MATERIAL TO PROCESS
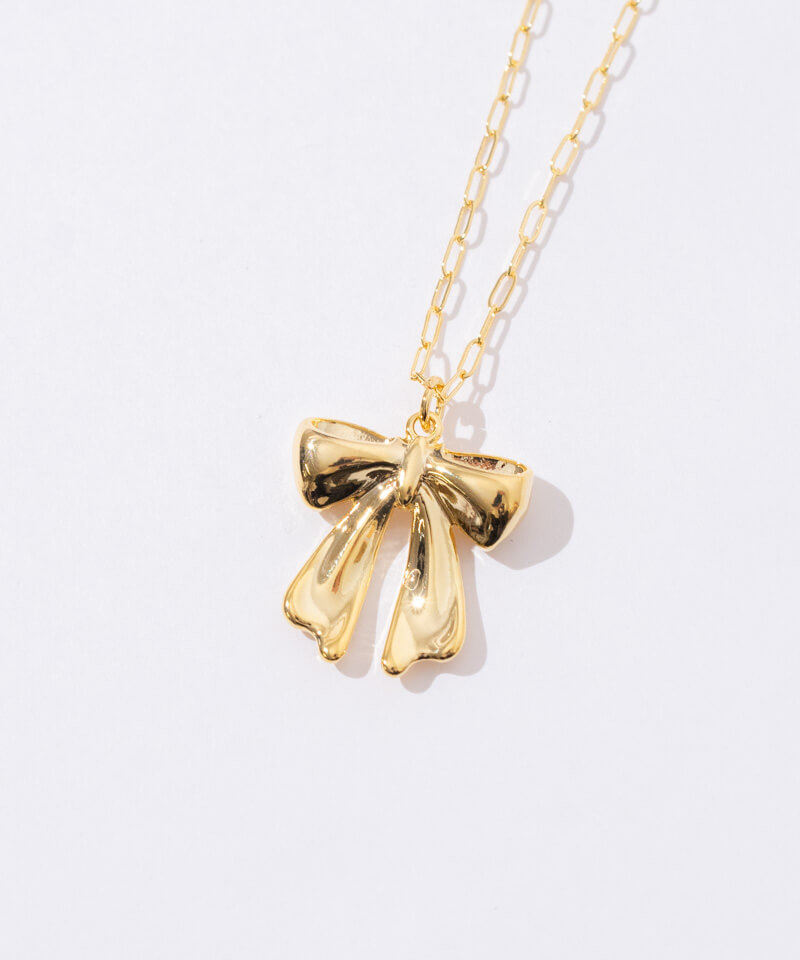 eternal ribbon necklace～ｴﾀｰﾅﾙﾘﾎﾞﾝﾈｯｸﾚｽ | flower／フラワー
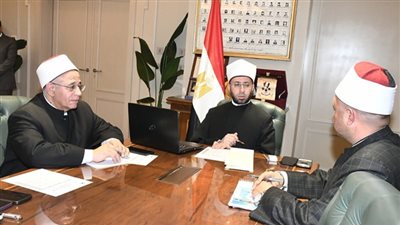  لمتابعة الانضباط الإداري والدعوي.. الأزهري يلتقي مدير مديرية أوقاف الشرقية
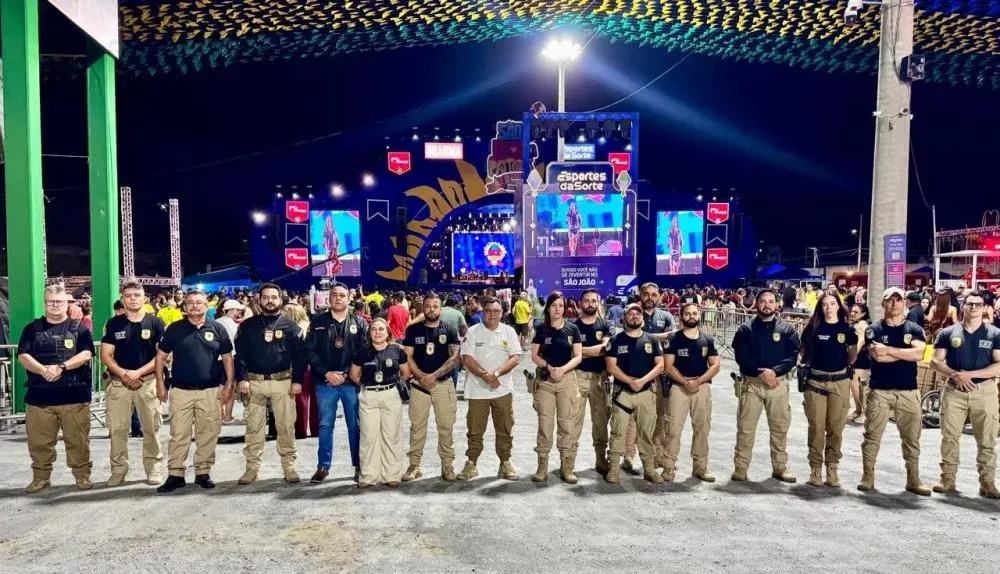 Polícia Civil atuando no São João de Patos - Foto: Polícia Civil da Paraíba 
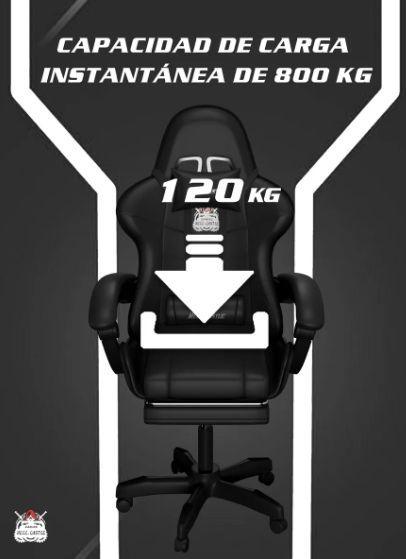 Silla Gamer Hell Castle Reclinable Con Cojin Lumbar-6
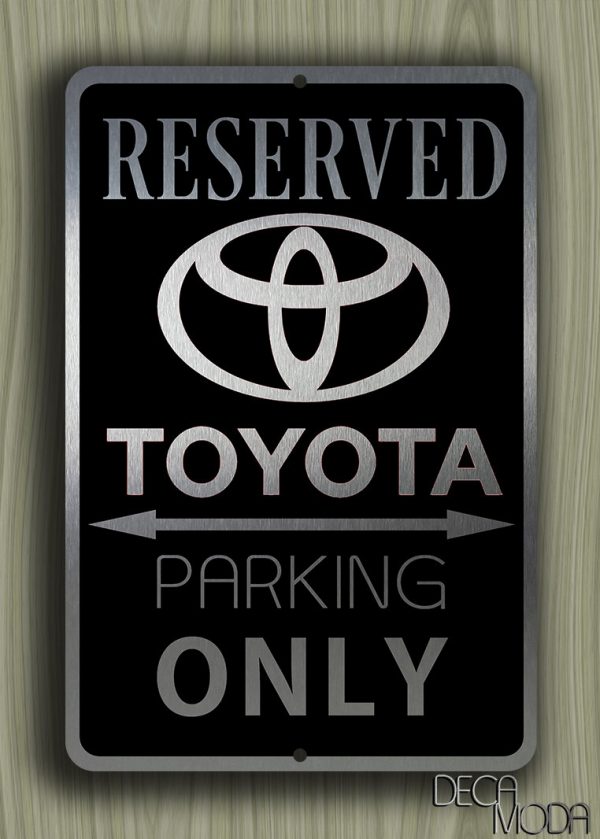 Toyota C-HR Parking Only Aluminiumschild 
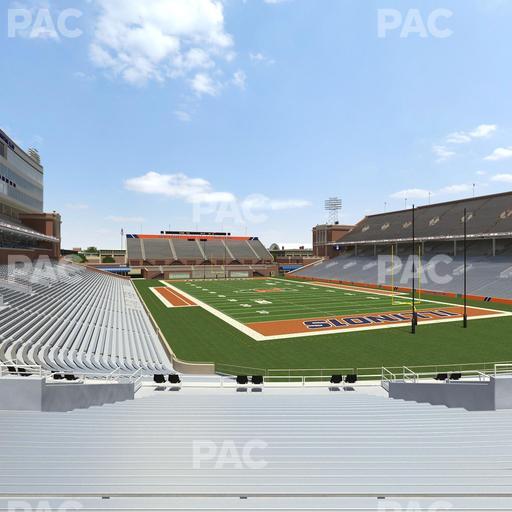 Gies Memorial Stadium - Section 119 Seat View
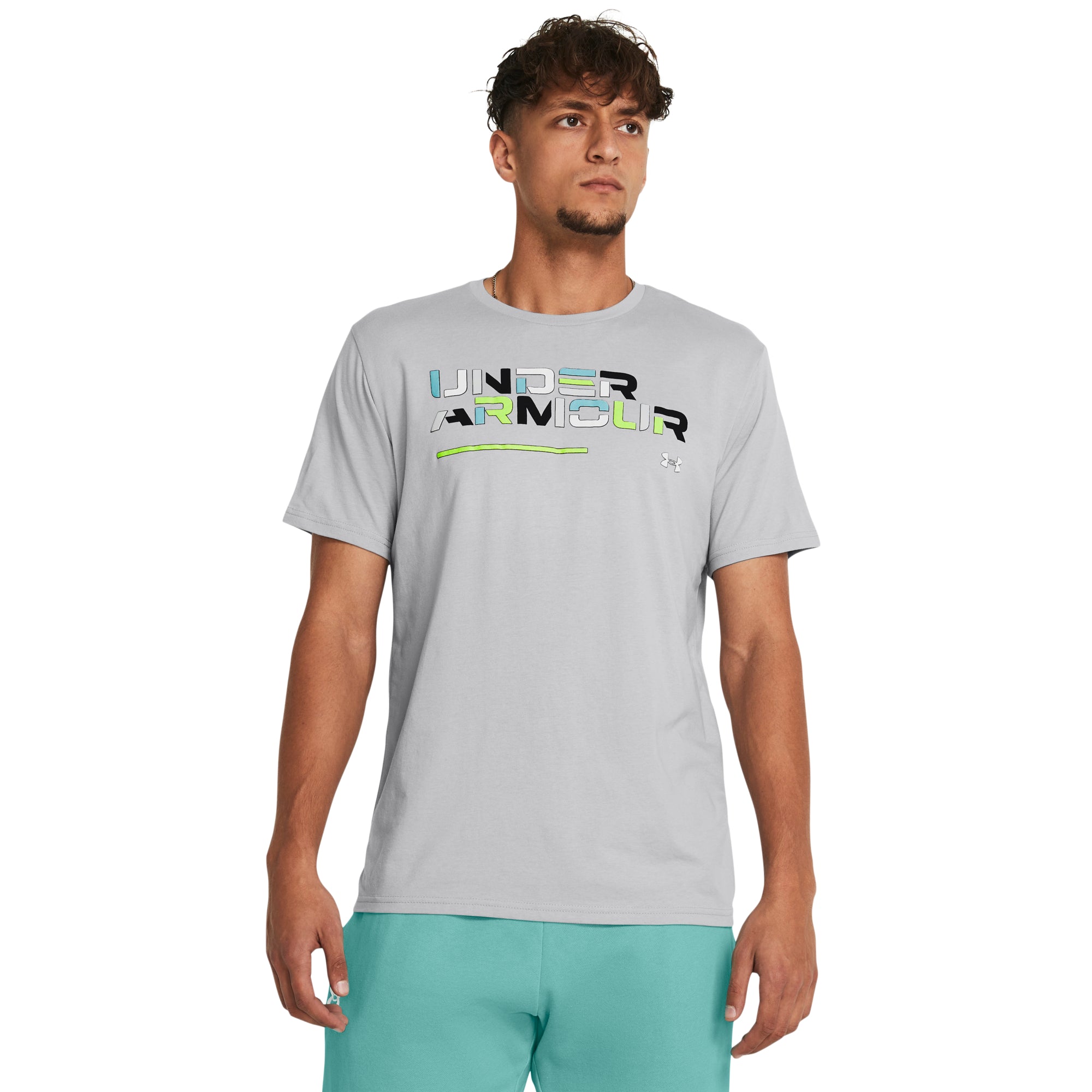 Colorblock Wordmark shortsleeve shirt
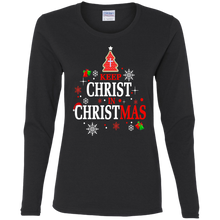 Load image into Gallery viewer, CC Christ in Christmas Ladies&#39; Cotton LS T-Shirt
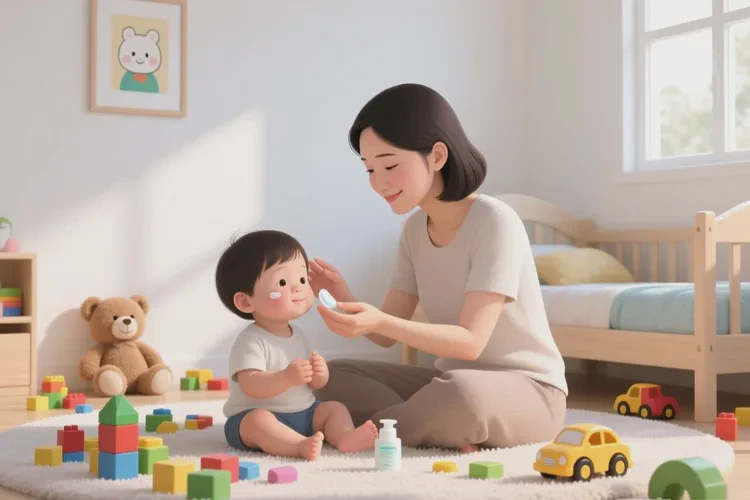 孩子脸上容易起湿疹可以根治吗(图1)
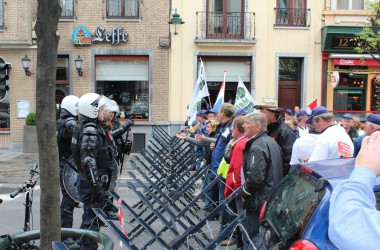 Milchbauerndemo in Brüssel (7.9.)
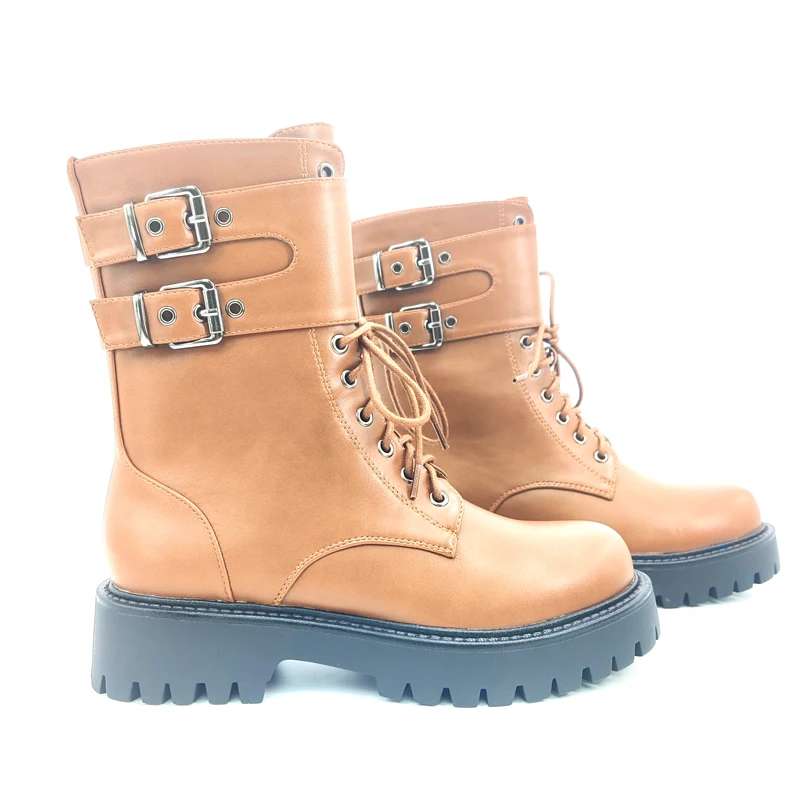 Customizable designer excellent quality women shoes ladies brown ankle boots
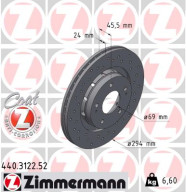 440.3122.52 Brzdový kotouč SPORT BRAKE DISC COAT Z ZIMMERMANN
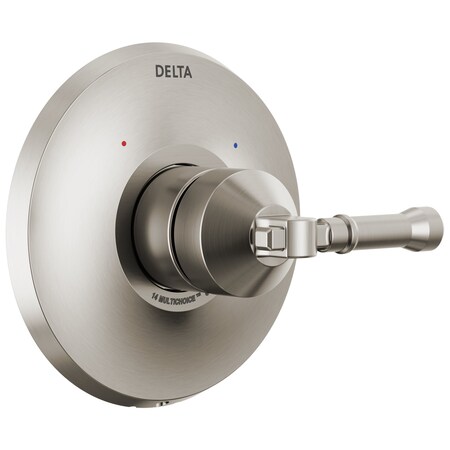 Delta Broderick 14 Series Valve Only Trim In Lumicoat Stainless T14084-SS-PR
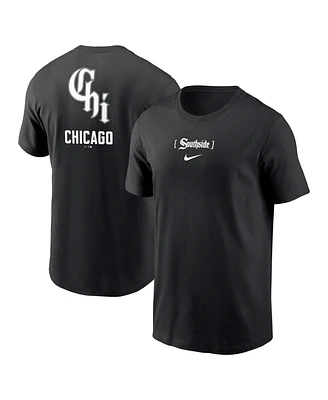 Nike Men's Black Chicago White Sox City Connect 2-Hit T-Shirt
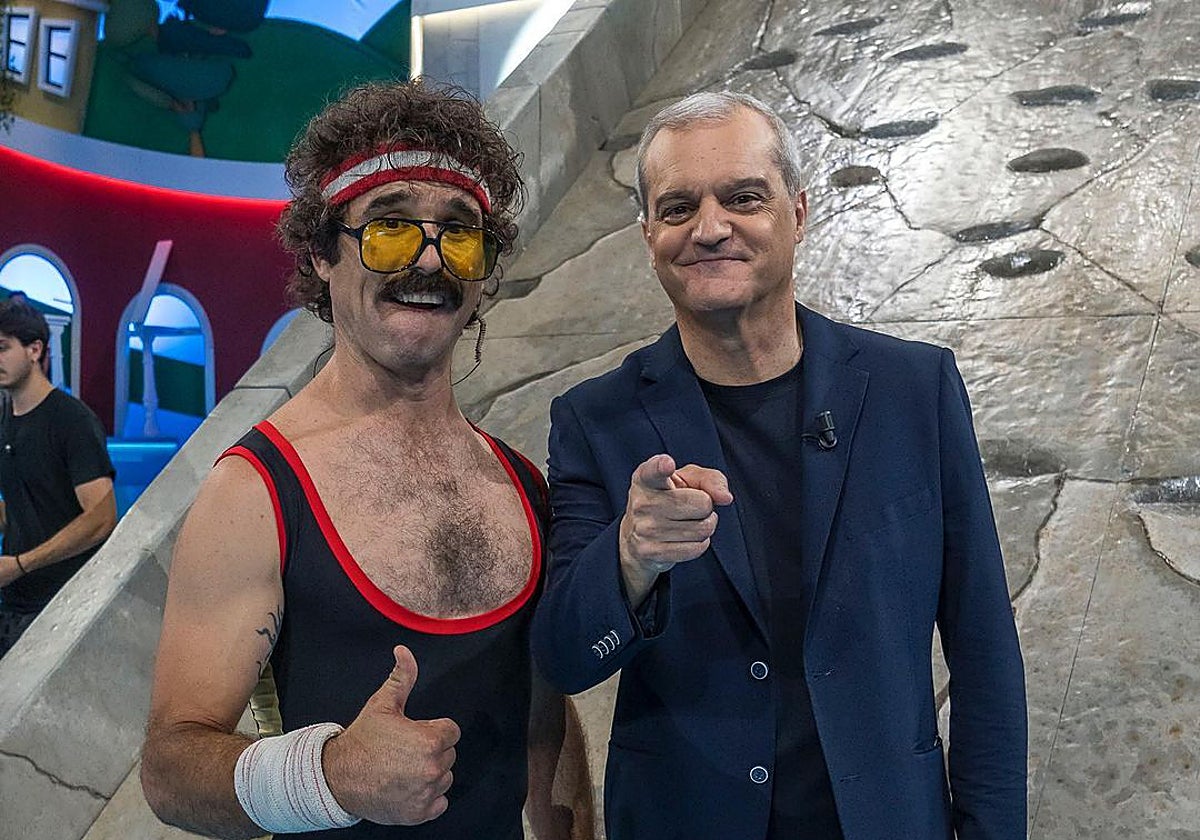 Wilbur, uno de los nuevos personajes de la vuelta del 'Grand Prix', junto a Ramón García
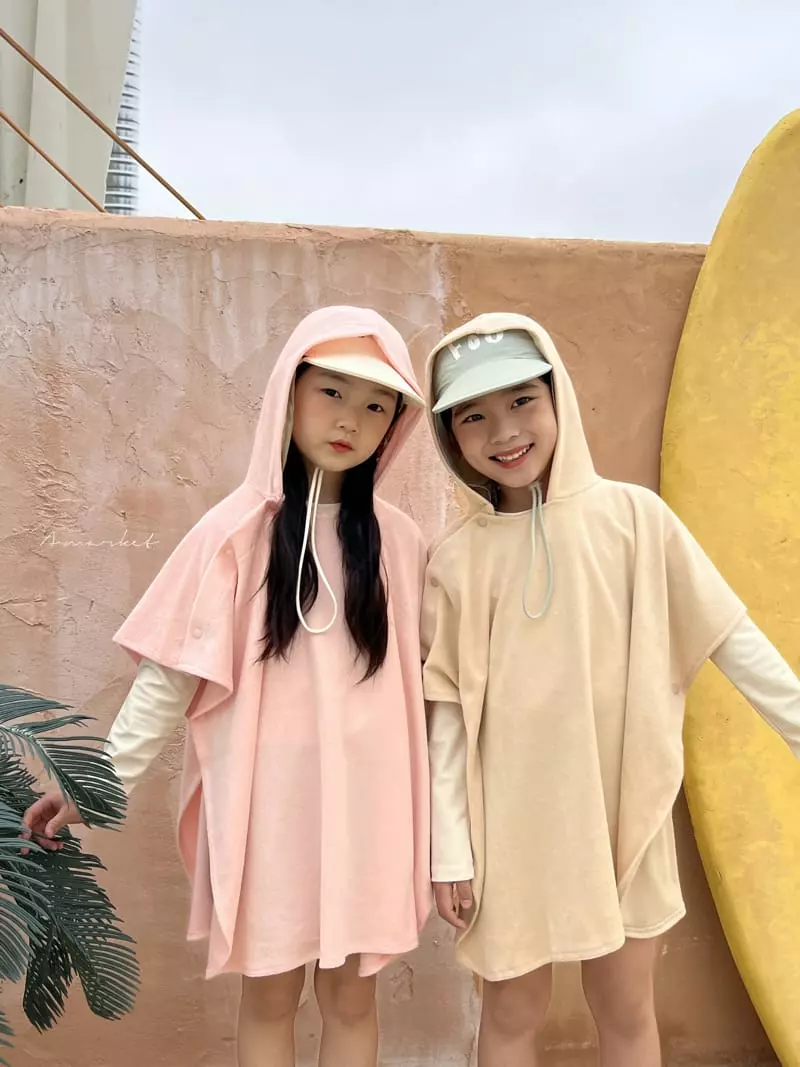 a-Market - Korean Children Fashion - #discoveringself - Hood Terry Cape - 8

EXERCISE PROMPT
An exact copy of the whole listing is required, minus the pictures.

SOLUTION
 eternal ribbon necklace～ｴﾀｰﾅﾙﾘﾎﾞﾝﾈｯｸﾚｽ | flower／フラワー
  لمتابعة الانضباط الإداري والدعوي.. الأزهري يلتقي مدير مديرية أوقاف الشرقية
 Polícia Civil atuando no São João de Patos - Foto: Polícia Civil da Paraíba 
 Silla Gamer Hell Castle Reclinable Con Cojin Lumbar-6
 Toyota C-HR Parking Only Aluminiumschild 
 Gies Memorial Stadium - Section 119 Seat View
 Colorblock Wordmark shortsleeve shirt
 Load image into Gallery viewer, CC Christ in Christmas Ladies&#39; Cotton LS T-Shirt
 孩子脸上容易起湿疹可以根治吗(图1)
 Milchbauerndemo in Brüssel (7.9.)
 Customizable designer excellent quality women shoes ladies brown ankle boots
 440.3122.52 Brzdový kotouč SPORT BRAKE DISC COAT Z ZIMMERMANN
 Delta Broderick 14 Series Valve Only Trim In Lumicoat Stainless T14084-SS-PR
 Nike Men's Black Chicago White Sox City Connect 2-Hit T-Shirt
 Wilbur, uno de los nuevos personajes de la vuelta del 'Grand Prix', junto a Ramón García
 a-Market - Korean Children Fashion - #discoveringself - Hood Terry Cape - 8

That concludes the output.